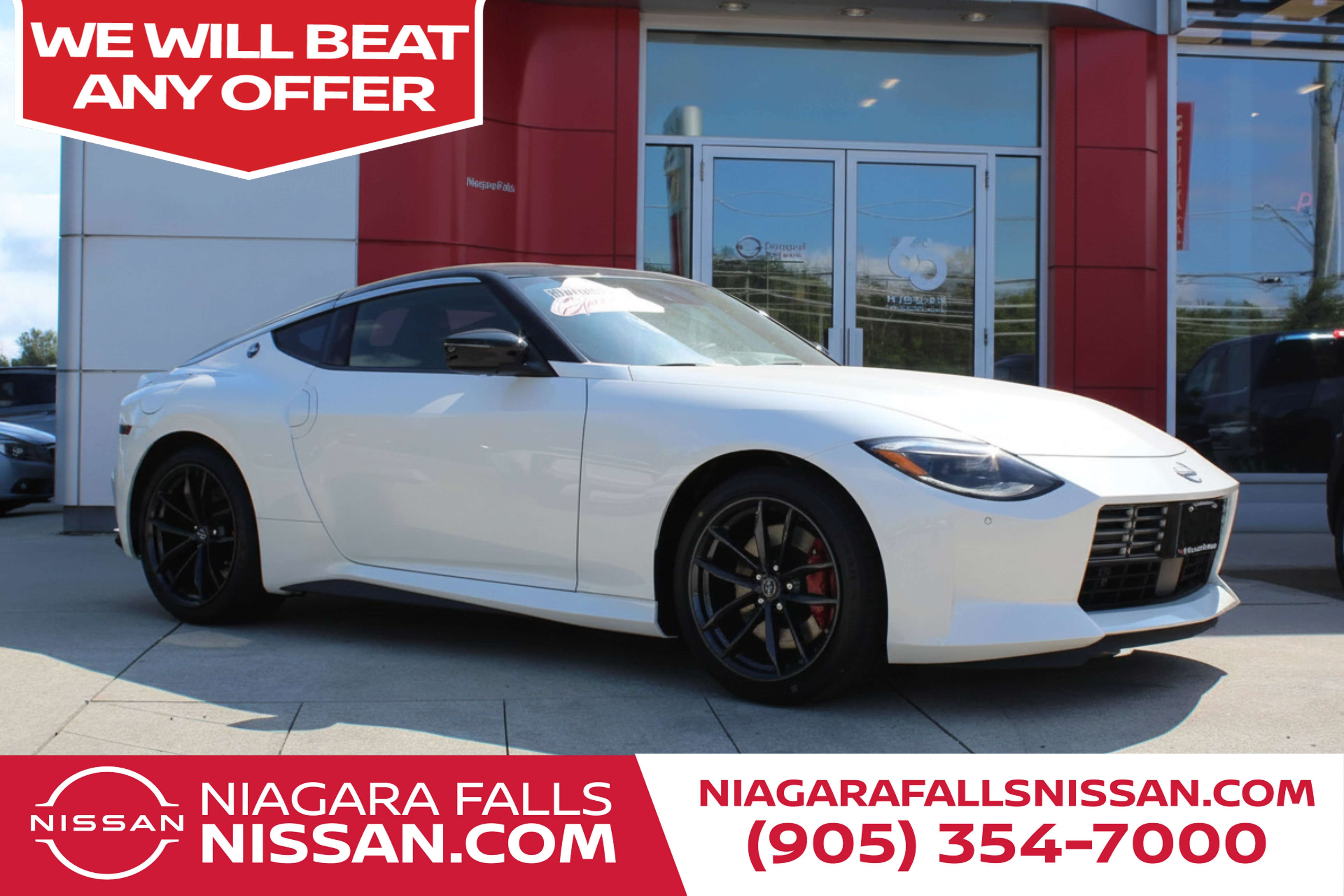 2026 Nissan Z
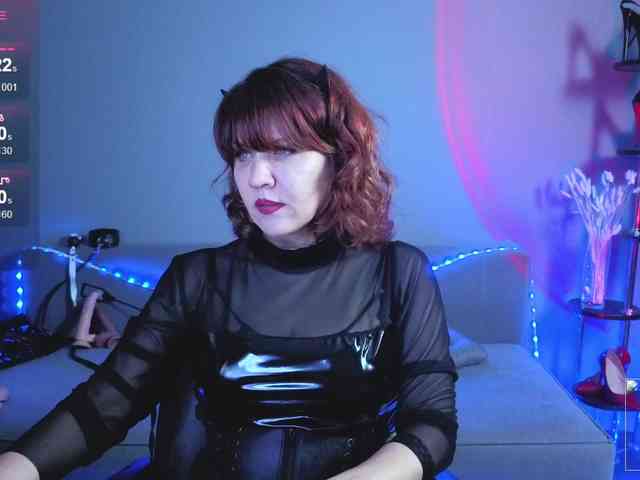 Goddess-Orsa webcam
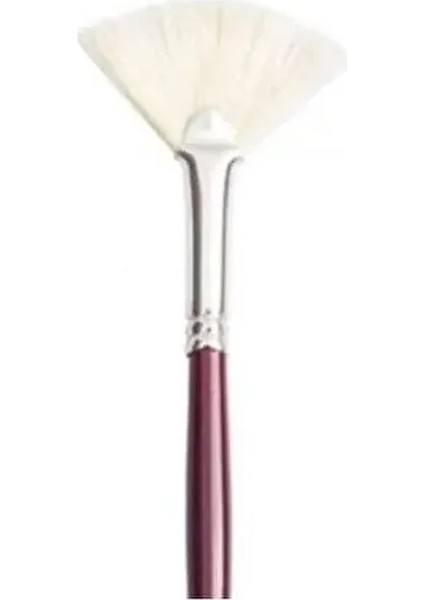 Yelpaze Fırça 4 Numara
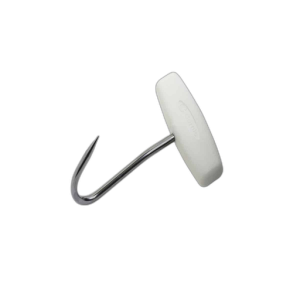 Gancho Carnicero Mango Plástico 12,5cm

━━━━━━━━

Your answer must be the lines from the line containing "Goddess-Orsa webcam" through the final line of the data, written out exactly, both ends included and pictures left out.

 Goddess-Orsa webcam
 Yelpaze Fırça 4 Numara
 Gancho Carnicero Mango Plástico 12,5cm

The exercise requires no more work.